En premier lieu, le scénario, l’histoire… en quoi ça me parle, ce que ça me raconte, dans quel univers que je ne connais pas, cela va m’emmener. Ensuite, il y a le personnage, le rôle que l’on me propose et que je vais défendre, et enfin la rencontre avec le réalisateur ou la réalisatrice… c’est souvent dans cet ordre-là.

Vous avez interprété des rôles très différents, qui pouvaient être très physiques, ou au contraire, plus intérieurs. Comment travaillez-vous ?

Je suis un outil, mon corps est un outil que je mets à la disposition d’un metteur en scène et du film dans lequel je tourne. Après, les approches sont différentes selon le jeu, ce qu’exige le film… il n’y a pas toujours nécessité à se transformer physiquement.

Vous avez 14 ans quand les frères Dardenne vous offrent votre premier grand rôle dans leur film La Promesse. Vous en avez 10 de plus quand ils vous appellent pour jouer dans L’Enfant. Vous allez tourner trois autres films sous leur direction.

Entre l’adolescent que vous étiez et l’adulte que vous êtes devenu, comment a évolué cette relation au long cours avec les frères Dardenne ?
Comme quand j’avais 14 ans ! Comme si c’était le premier film que nous tournions ensemble avec aujourd’hui, forcément, plus de métier, plus de connaissances, de mon côté comme du leur. Mais toujours avec une espèce de respect mutuel.

Je me suis toujours senti protégé, bien regardé, bien dirigé. Il y a peu de gens avec qui je peux m’abandonner… ils en font partie.

Une autre fidélité : celle que vous avez établie avec François Ozon. Déjà 3 films ensemble et un 4e à venir. Pouvez-vous nous en dire quelques mots ?

On s’est rencontré, j’avais 17 ans. Les Amants criminels était son 2e film. On a en quelque sorte grandi ensemble. François Ozon est un passionné.

Son désir de cinéma a quelque chose de très enfantin, et c’est très agréable de partager ça avec lui.

François est quelqu’un de très excité par le jeu des acteurs. Il est très présent, très vigilant… c’est ce qui le rapproche des frères Dardenne.

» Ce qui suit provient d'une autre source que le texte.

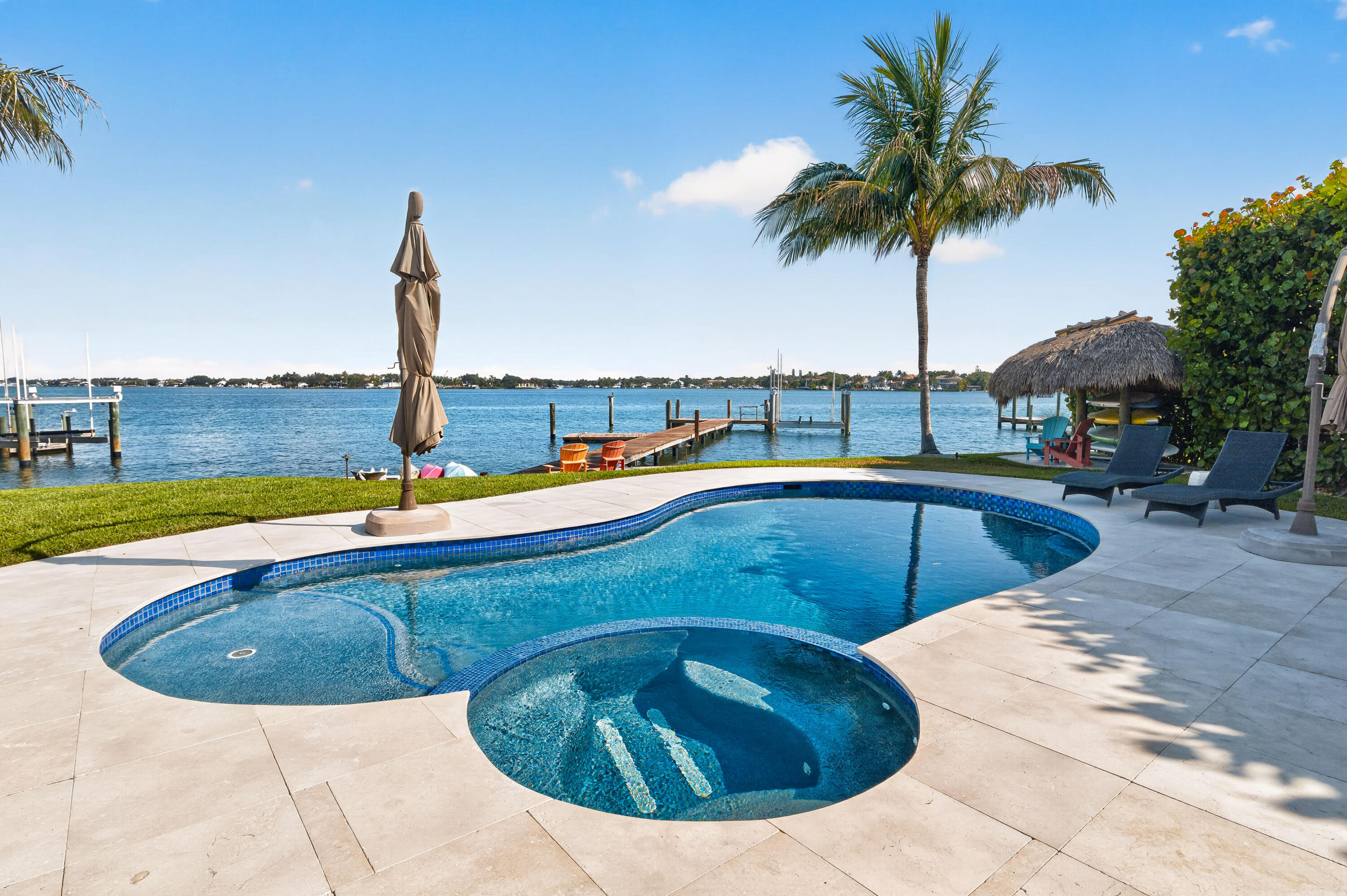 RIO VISTA OF ISLAND SHORES - Residential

Et comme pour les frères, j’ai une totale confiance en lui.

J’aime sa versatilité, le fait qu’il change en permanence de genre, comme j’aime chez les frères Dardenne le fait qu’ils repartent toujours des mêmes bases, qu’ils investissent les mêmes lieux… quelque chose d’un travail de fond et qui fait que la totalité de leurs films fait œuvre.

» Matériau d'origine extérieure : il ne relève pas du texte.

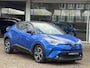 Toyota C-HR 1.8 Hybrid Bi-Tone Plus|Nieuwstaat!|1e Eigenaar|Camera|Navigatie|JBL| 42 dkm!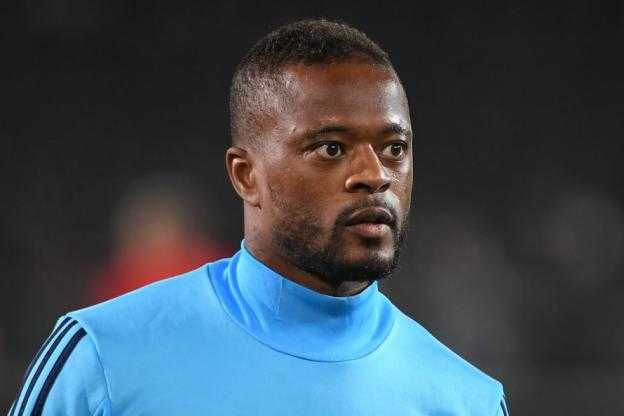 PSG contro Evra: “Condanniamo fermamente gli insulti omofobi” preview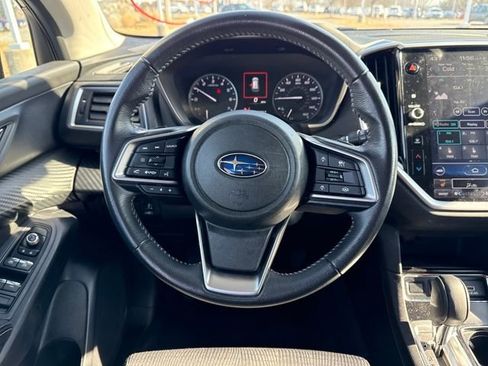 Used 2023 Subaru Ascent Premium w/ Convenience Package image 14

Ce sont deux visions de cinéma très différentes, et de passer d’un univers à l’autre est tout ce que j’aime.

Qu’avez-vous retiré de votre expérience de réalisateur avec votre frère Yannick sur Carnivores ?

La réussite fut d’être arrivé au bout de ce projet, de ce rêve, que l’on avait mon frère et moi. Un projet qui m’a énormément rempli, intellectuellement, personnelle- ment.

J’ai réalisé que créer était primordial pour moi, alors que jusque-là je ne me l’étais pas autorisé.

Parmi tous les films que vous avez tournés, y en a t’il un dont vous êtes particulièrement fier ?

Pas vraiment, ne passant pas ma vie à regarder mes films ! Bien sûr, je regarde au moins une fois le film dans lequel j’ai joué, pour la promotion et parce que je suis évidemment curieux !

Ce sont plus des souvenirs qui me restent, souvenirs de rencontres avec des acteurs, des metteurs en scène, souvenirs de lieux, d’univers que je ne connaissais pas et que j’ai découvert… mais reconnaissons que certains films furent plus intéressants à tourner que d’autres !

Un petit mot sur le Vertigo, ce restaurant/bar à cocktail de Bruxelles, dont vous êtes l’un des trois associés.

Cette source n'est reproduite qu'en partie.